Gostei de Entorno da beleza, doc de Dácia Ibiapina, exibido em Tiradentes, sobre o universo do concurso de misses nas cidades satélites de Brasília. Algumas coisas me interessaram em particular nesse filme. Uma é seu olhar inusitado para a cidade e para a periferia, através de um concurso de beleza. É interessante pensá-lo como um olhar para as periferias de Brasília. Ele quebra um olhar preconbebido que veria esses concursos apenas como espaço de afetação, de meninas vaidosas e alienadas. Ao contrário, o filme é humano porque se debruça sobre esse mundo construído por mulheres comuns que lutam por seus sonhos. Daí o filme é preenchido por personagens que o senso comum rotula de desinteressantes com uma surpreendente dignidade.

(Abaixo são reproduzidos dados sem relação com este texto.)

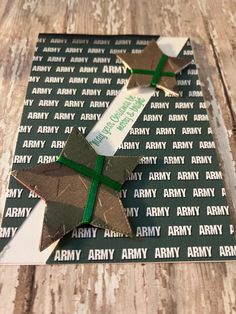 an army themed gift wrapped in brown paper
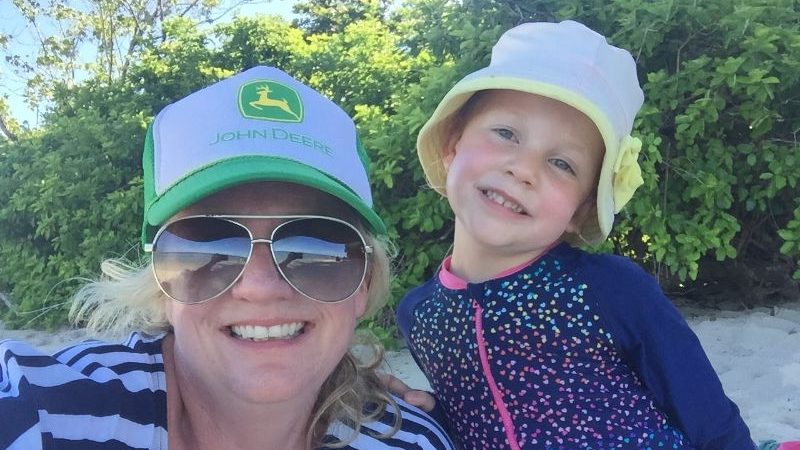 A mother with her daughter on a beach
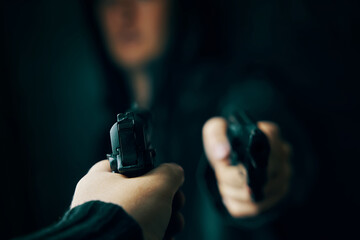 First-person view of hand with pistol pointed at guy in hoody with revolver. Criminal and detective. Two shooters threaten each other with weapons. Killer and cop.
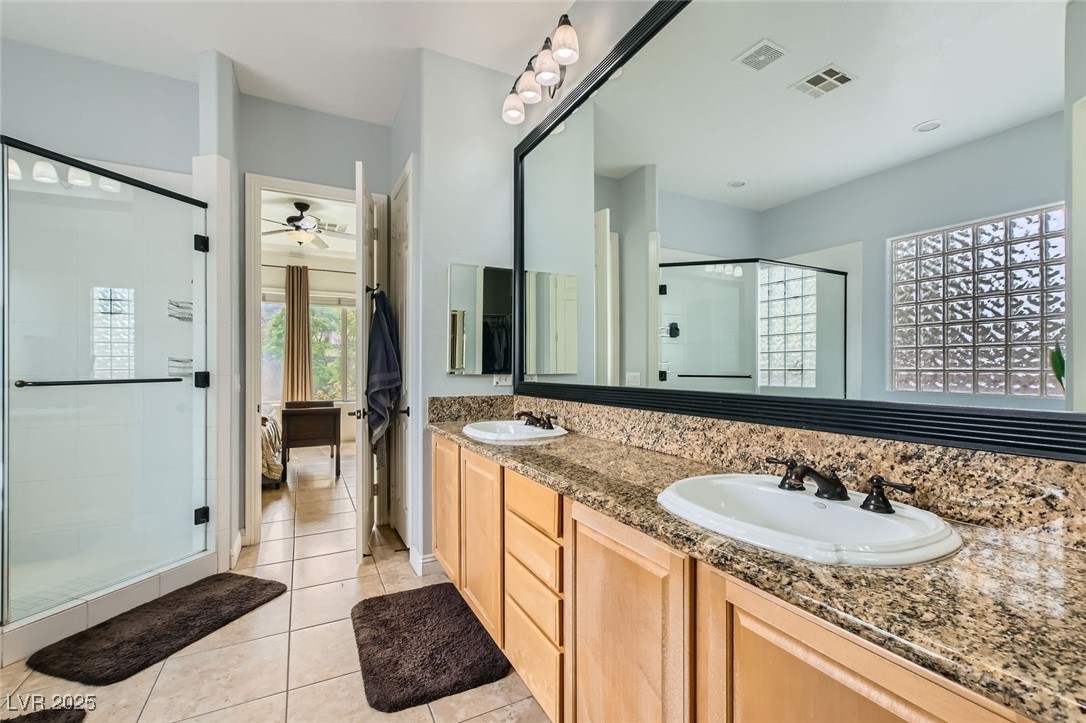7404 Eggshell Drive North Las Vegas, NV 89084 - Photo 17 of 39 Ensuite bathroom with double vanity, linen closet,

De outro lado, acho muito sintomático que o filme não faça piadas ou gracejos com a suposta breguice desse universo. Ou seja, por trás de uma certa dureza, no fundo é um filme delicado e feminino, talvez como espelho da própria realizadora, assim como a vejo. O filme se coloca numa posição muito digna em estar nesse espaço – essa posição ética é o grande trunfo do filme. Como exemplo, digo que as sequências que mais me encantaram no filme são as que as meninas conversam entre si nos camarins ou nos intervalos de preparação para os espetáculos e ensaios. Ali o filme cria, através de uma mise-en-scène, um espaço de convivência entre as meninas, que dividem um momento de afeto e intimidade. Penso, de forma curiosa, esses trechos como uma espécie de L´Apollonide trazido para o contexto do cinema documentário contemporâneo brasileiro. Com isso, não quero ser mal interpretado: não digo que o concurso das misses é como uma casa de tolerância, mas simplesmente aponto para pontos de contato entre os olhares dos realizadores, em buscar o afeto e a intimidade entre meninas que estão juntas, revertendo olhares-clichês sobre o espaço de convivência do “por trás dos bastidores” de lugares empurrados para uma marginalidade, para a simples exploração dos corpos femininos. (As mulheres nos dois filmes não são vítimas, e – acima de tudo –  os olhares dos realizadores não a focam como vítimas, mas como cúmplices de um espaço de convivência onde há dor mas também espaço para a amizade, o sonho e o afeto). Nesses interins (nesses tempos de espera, nessas pausas), o filme revela sua força de observação, uma força dessas mulheres guerreiras que se completam na intimidade, que lutam por seus sonhos, em serem vistas como belas. (Elas também têm o direito de serem belas). Em outros momentos, em que o filme descreve as etapas do concurso, ou que procura situar o espectador do “entorno”, fazendo perguntas às entrevistadas (tipo “o que a beleza mudou sua vida?”), o filme escapa de sua estratégia de sutileza e, para mim, se tornou menos interessante. De qualquer forma, não há nenhum Dildu caricato/carismático que atraia nossa atenção, e talvez por isso Entorno da Beleza passe menos percebido, mas tenho a impressão que ele nos mostra mais o que é a cidade de Brasília do que o recém-badalado A cidade é uma só, filme-primo do de Dácia, já que os realizadores têm certa proximidade (e que não é a da origem social!).

Comentários

Beleza, Ikeda. Fiquei ainda mais curioso para ver esse filme. Pelo visto, tem semelhanças também com aquele do Rithy Panh, "O Papel não Embrulha a Brasa", ou algo assim. Ali também eram prostitutas, como em "L'Apollonide", mas tinha essa busca de um espaço de intimidade e um olhar terno para mulheres estigmatizadas.